The drawback with ASYNC is the increased potential for data loss, if a failure destroys the primary database before the transport lag is reduced to zero, any committed transactions that are part of the transport lag are lost. So again make sure that the network bandwidth is adequate and that you get the lowest latency possible.

 

 

The protection modes are:

Maximum Performance: This mode requires ASYNC redo transport so that the LGWR process never waits for acknowledgment from the standby database, also note that Oracle no longer recommends the ARCH transport method in previous releases is used for maximum performance.

Note that you will probably lose data if the primary fails and full synchronization has not occurred, the amount of data loss is dependant on how far behind the standby is is processing the redo.

This is the default mode.

Maximum Availability: Its first priority is to be available its second priority is zero loss protection, thus it requires the SYNC redo transport. In the event that the standby server is unavailable the primary will wait the specified time in the NET_TIMEOUT parameter before giving up on the standby server and allowing the primary to continue to process. Once the connection has been re-established the primary will automatically resynchronize the standby database.

When the NET_TIMEOUT expires the LGWR process disconnects from the LNS process, acknowledges the commit and proceeds without the standby, processing continues until the current ORL is complete and the LGWR cycles into a new ORL, a new LNS process is started and an attempt to connect to the standby server is made, if it succeeds the new ORL is sent as normal, if not then LGWR disconnects again until the next log switch, the whole process keeps repeating at every log switch, hopefully the standby database will become available at some point in time.
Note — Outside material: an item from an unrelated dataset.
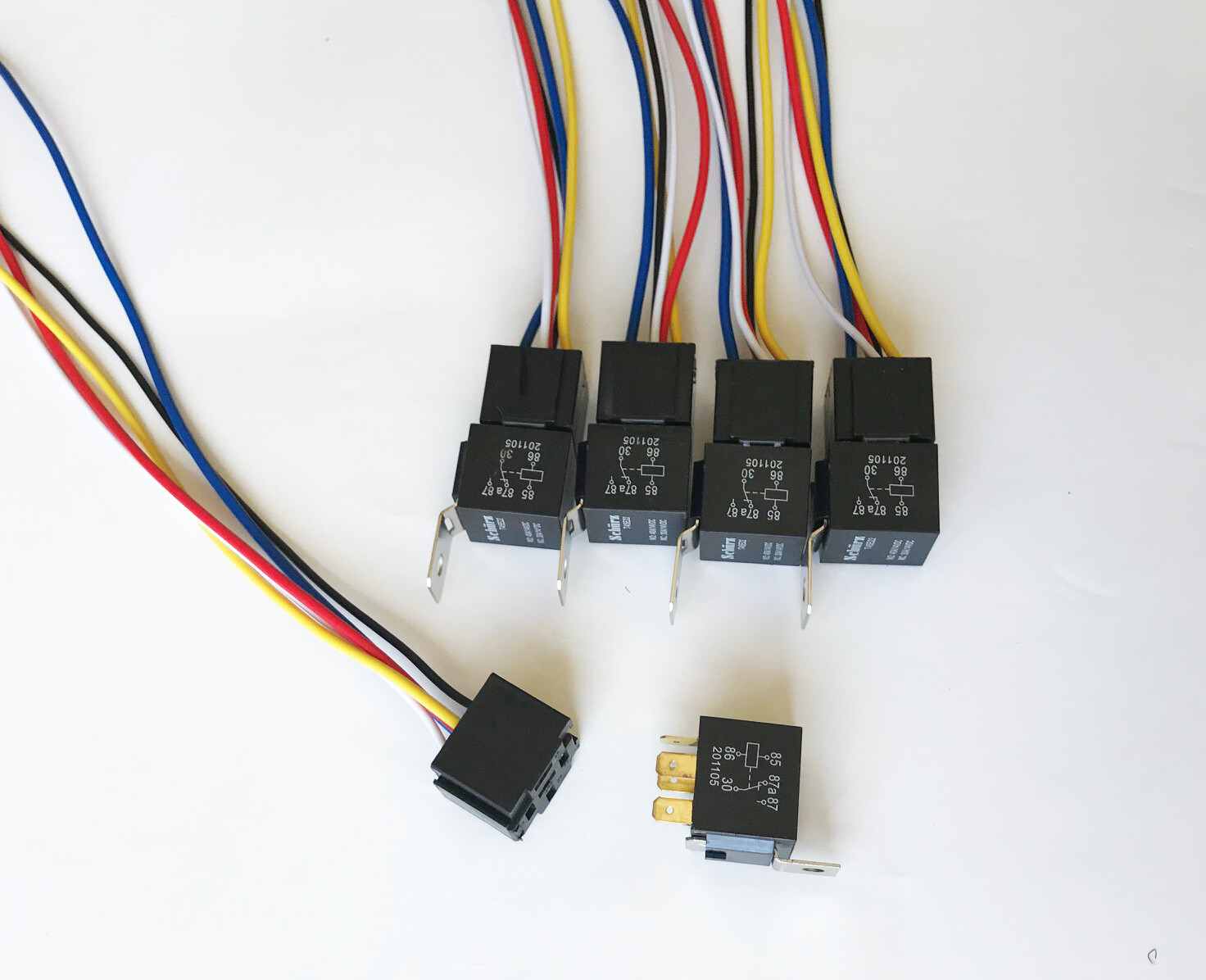 5PCS. 12V DC 30/40A WATERPROOF SPDT RELAYS + 5PCS HD INTERLOCKING 5 PIN SOCKETS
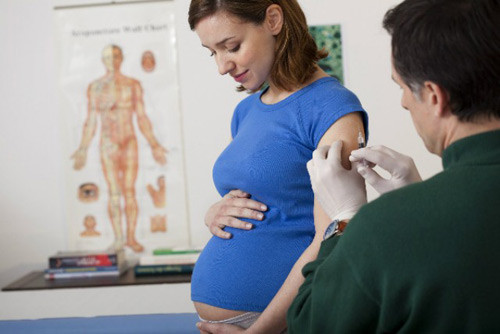 Chất streptomycin trong thuốc sẽ thông qua nhau thai và tác động tới thính giác của trẻ. Trẻ sinh ra có thể bị điếc bẩm sinh. Chất Tetracycline trong kháng sinh cũng có thể gây loãng xương ở trẻ nhỏ.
Also in the background if you remember if any archive logs have been created during this time the ARCH process will continually ping the standby database waiting until it come online.
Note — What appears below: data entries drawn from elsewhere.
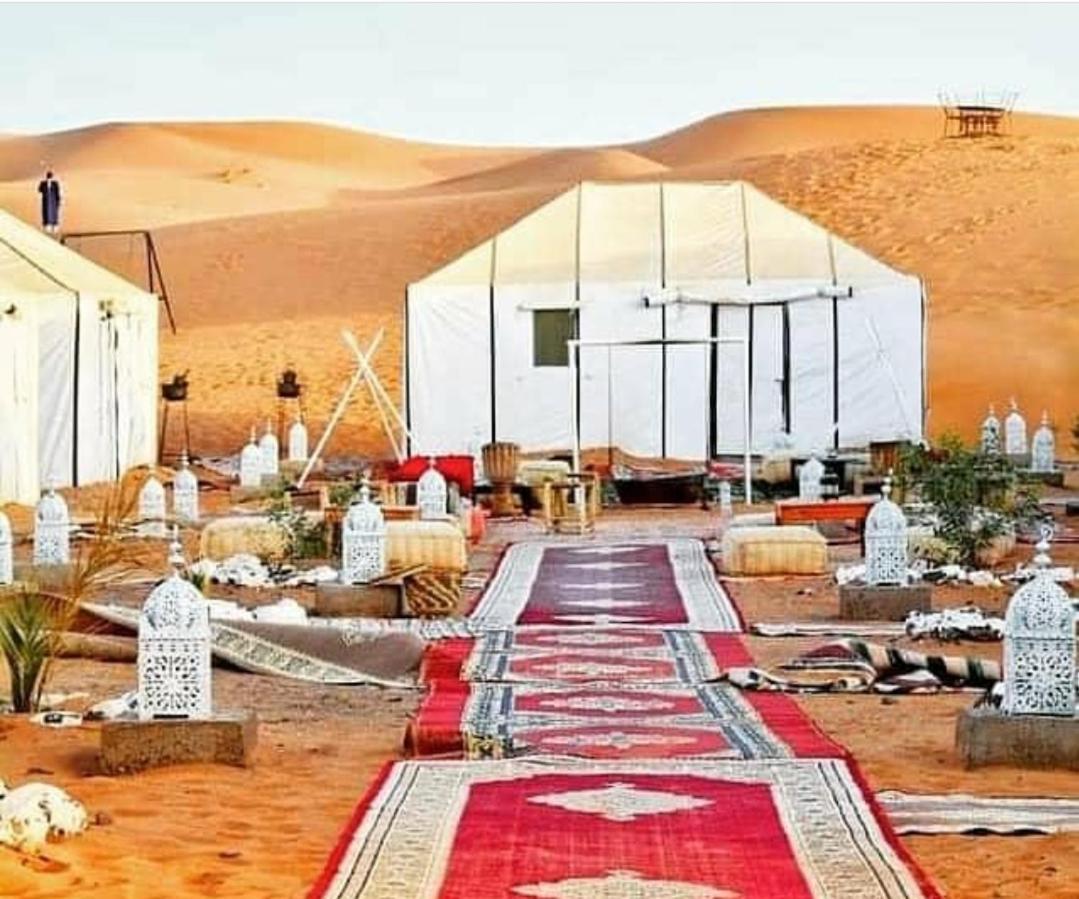 Sahara Luxury Tented Camp Мерцуга Екстериор снимка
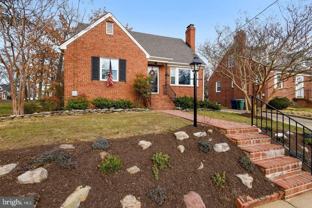 1727 Oakcrest Dr - Photo 1 of 1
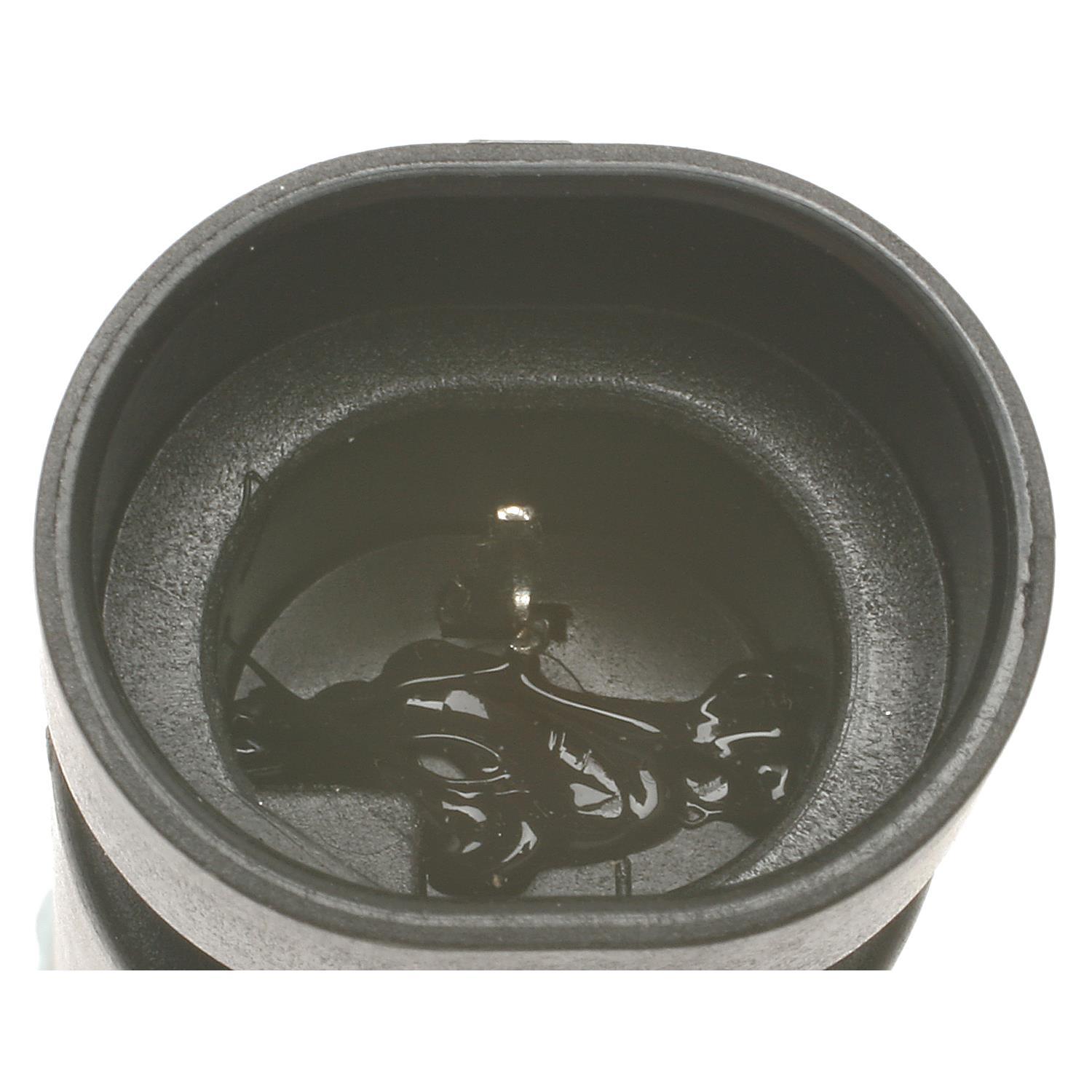 Standard Motor Products PS304 - Engine Oil Pressure Switch Standard Motor Products PS304 Engine Oil Pressure Switch product image 3 of 3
You might have noticed there is a potential loss of data if the primary goes down and the standby database has also been down for a period of time and here has been no resynchronization, this is similar to Maximum Performance but you do give the standby server a chance to respond using the timeout.

Maximum Protection: The priority for this mode is data protection, even to the point that it will affect the primary database. This mode uses the SYNC redo transport and the primary will not issue a commit acknowledgment to the application unless it receives an acknowledgment from at least one standby database, basically the primary will stall and eventually abort preventing any unprotected commits from occurring. This guarantees complete data protection, in this setup it is advised to have two separate standby databases at different locations with no Single Point Of Failures (SPOF’s), they should not use the same network infrastructure as this would be a SPOF.
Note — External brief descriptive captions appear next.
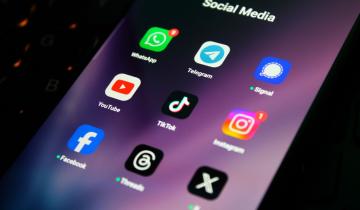 Καταγγελίες κατά των Meta, TikTok και Google για διαδικτυακές οικονομικές απάτες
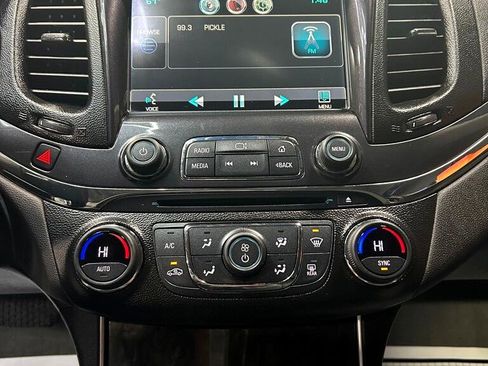 Used 2014 Chevrolet Impala LT w/ Convenience Package image 24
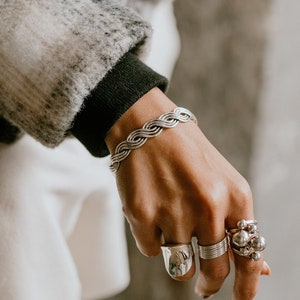 Sterling Silber Manschette Armband, geflochtenes Armband, gewelltes Silber Armband, Unisex Manschette Armband, ungewöhnliche Armband, massive Silber Manschette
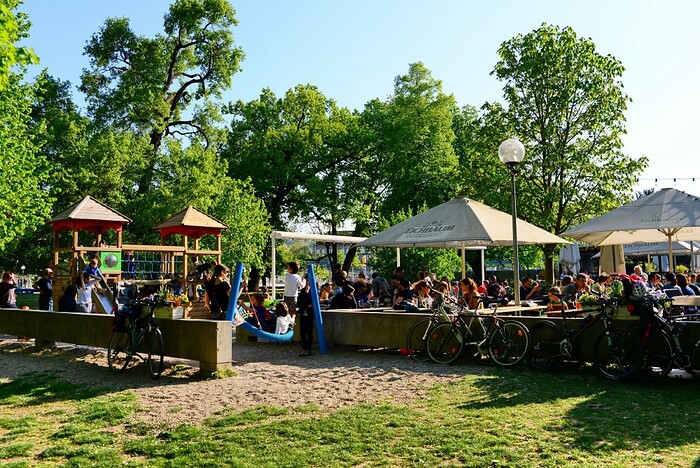 Biergarten im Schlossgarten in Stuttgart, Foto 2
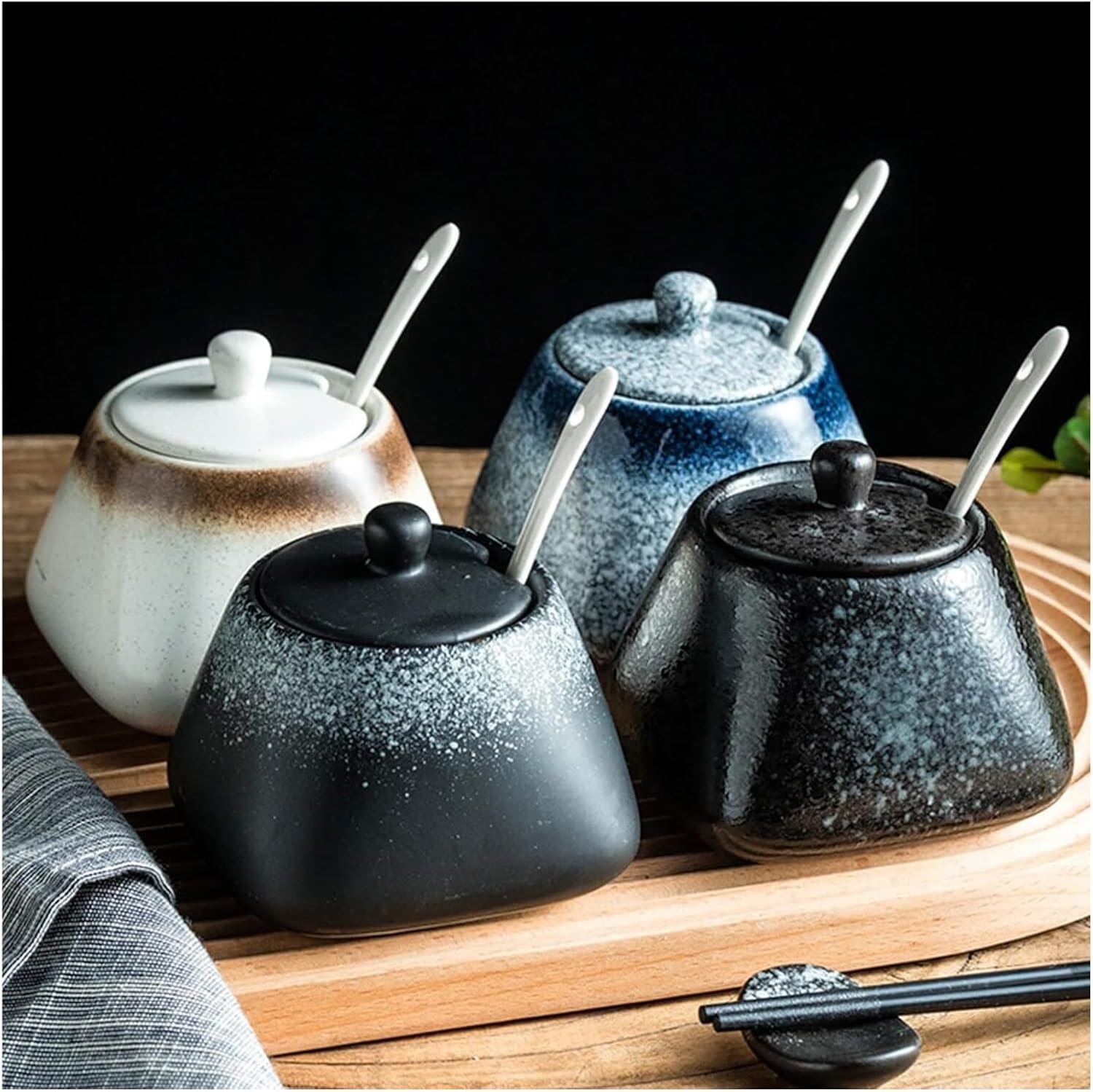 Sugar bowl,Sugar bowl,Solid Color Ceramic Sugar Bowl with Lid, Porcelain Sugar Pot with Spoon, Small Salt Pot, Storage Jar, for Coffee Bar, Restaurant(Black 2)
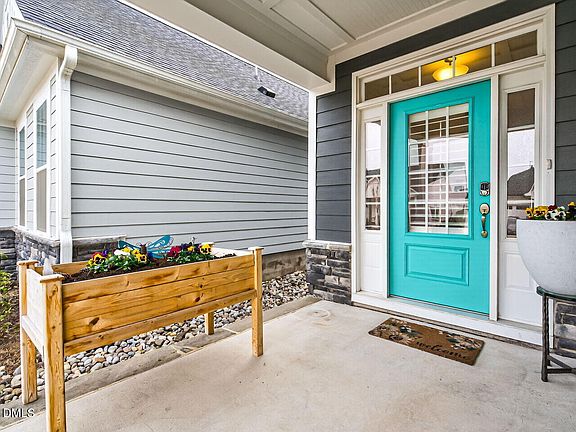 3rd image of 225 Noble Deer Way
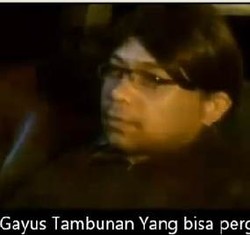 Bona, Penyanyi Andai Aku Jadi Gayus Laris Roadshow di Jakarta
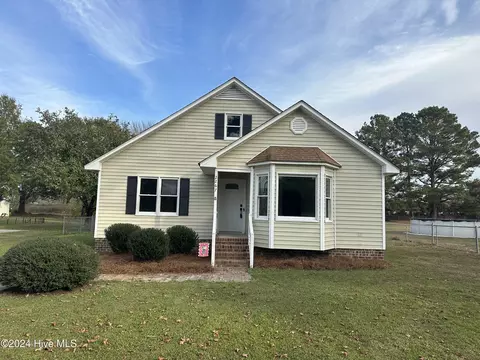 2267 Rolling Meadows Dr, Greenville, NC 27858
32. What happens during a switchover?

  1. Notifies the primary database that a switchover is about to occur
  2. Disconnect all users from the primary database
  3. Generate a special redo record that signals the End of Redo (EOR)
  4. Converts the primary database into a standby database
  5. Once the standby database applies the final EOR record, guaranteeing that no data loss has been lost, converts the standby database into the primary database.

The new standby database (old primary) starts to receive the redo records and continues process until we switch back again. It is important to remember that both databases receive the EOR record so both databases know the next redo that will be received.

 

34. Difference Between full backup and Level-0 backup

A level 0 incremental backup is physically identical to a full backup. The only difference is that the level 0 backup can be used as the parent for a level 1 backup, but a full backup will never be used as the parent for a level 1 backup

A level 0 incremental backup is physically identical to a full backup. The only difference is that the level 0 backup is recorded as an incremental backup in the RMAN repository, so it can be used as the parent for a level 1 backup. A full backup can never be part incremental backup strategy i.e it cannot be the parent for a subsequent incremental backup.

35. What is the advantage of datapump over traditional export, import?

1) Impdp/Expdp has self-tuning utilities. Tuning parameters that were used in original Export and Import, such as BUFFER and RECORDLENGTH, are neither required nor supported by Data Pump Export and Import.

2) Data Pump represents metadata in the dump file set as XML documents rather than as DDL commands.

3) Impdp/Expdp use parallel execution rather than a single stream of execution, for improved performance. Data Pump operations can take advantage of the server’s parallel processes to read or write multiple data streams simultaneously.

4) In Data Pump expdp full=y and then impdp schemas=prod is same as of expdp schemas=prod and then impdp full=y where in original export/import does not always exhibit this behavior.

5)Expdp/Impdp access files on the server rather than on the client.

6) Expdp/Impdp operates on a group of files called a dump file set rather than on a single sequential dump file.

7) When you are importing data into an existing table using either APPEND or TRUNCATE, if any row violates an active constraint, the load is discontinued and no data is loaded. This is different from original Import, which logs any rows that are in violation and continues with the load.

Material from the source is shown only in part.